Impact is what I use


----------



## bruiser quad (Nov 6, 2009)

yeah... i don't have one...


----------



## Polaris425 (Dec 16, 2004)

It's tricky, but if you have something you can put between one of the "tabs" and the frame under it, it will hold enough to break it loose.. just be careful & dont bust a knuckle.


----------



## lilbigtonka (Dec 30, 2008)

umm i use a impact but get a 1/2in rachet and a good size breaker bar or pipe to put over the handle on the rachet it should pop right off if you cant get it let your wife try and if she does then please tell us you got it off or you will never hear the end of it


----------



## IBBruin (Feb 10, 2009)

If you haven't already taken your primary loose, you can squeeze the belt by hand, put a wrench on the secondary nut and smack the wrench with a hammer.

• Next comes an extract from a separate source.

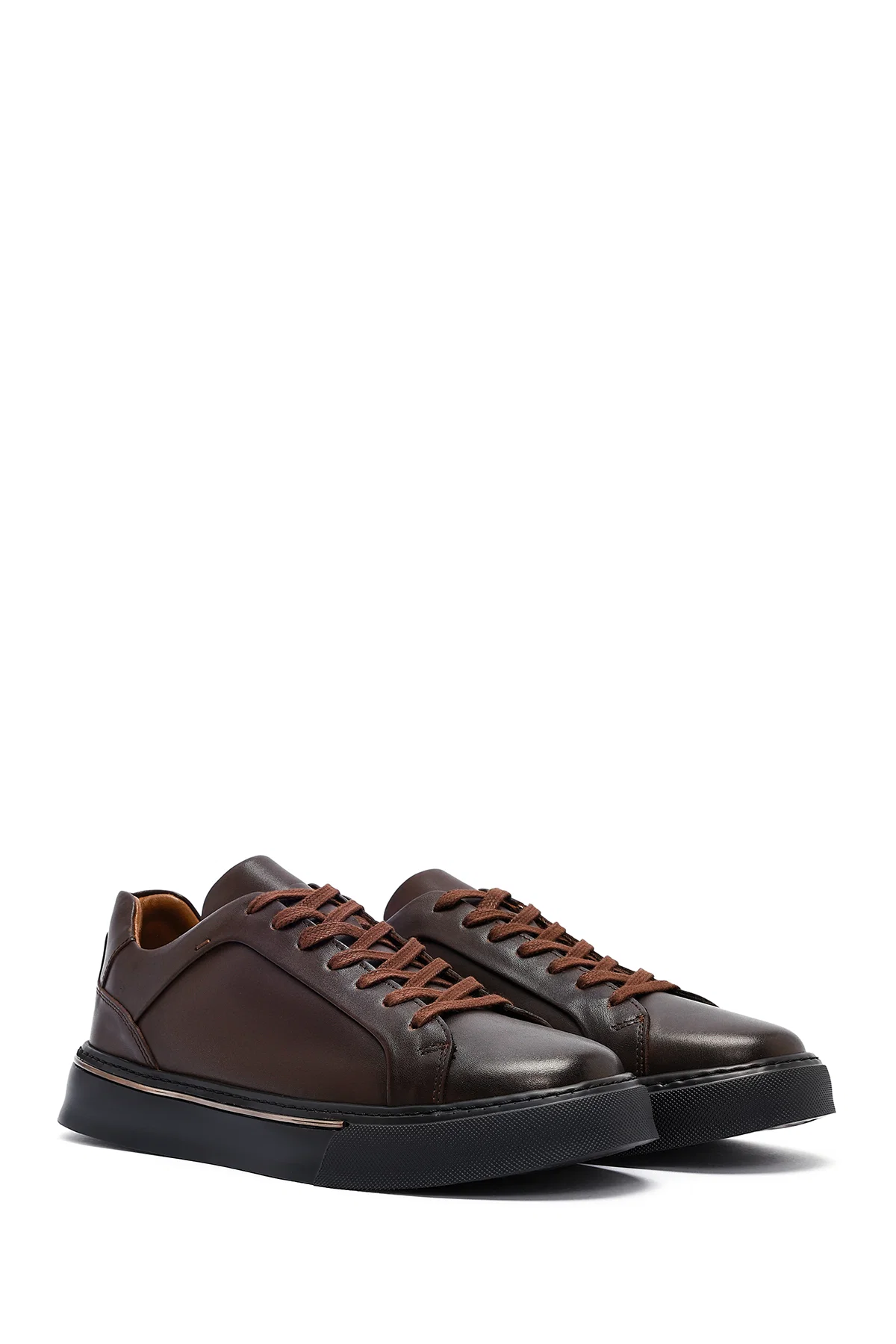 Erkek Kahverengi Bağcıklı Kalın Tabanlı Deri Sneaker - Image 3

I'd try P425's way first though.


----------



## lilbigtonka (Dec 30, 2008)

o and like polaris said use a extension from the rachet or something to put under the secondary to hold it in place....


----------



## Polaris425 (Dec 16, 2004)

^ I used that method almost every time I took mine off... like I said, just got to be careful, the force usually holds whatever you stick in there in place, I was using a 1/2" drive extention.


----------



## bruiser quad (Nov 6, 2009)

alright guys, going to give it another try, gloves on to save the knuckles....


----------



## gpinjason (Nov 10, 2009)

lilbigtonka said:


> o and like polaris said use a extension from the rachet or something to put under the secondary to hold it in place....


:agreed:--^ I use an extension... I think 6" long extension is the perfect length... and a breaker bar on the bolt


----------



## NMKawierider (Apr 11, 2009)

bruiser quad said:


> alright guys, going to give it another try, gloves on to save the knuckles....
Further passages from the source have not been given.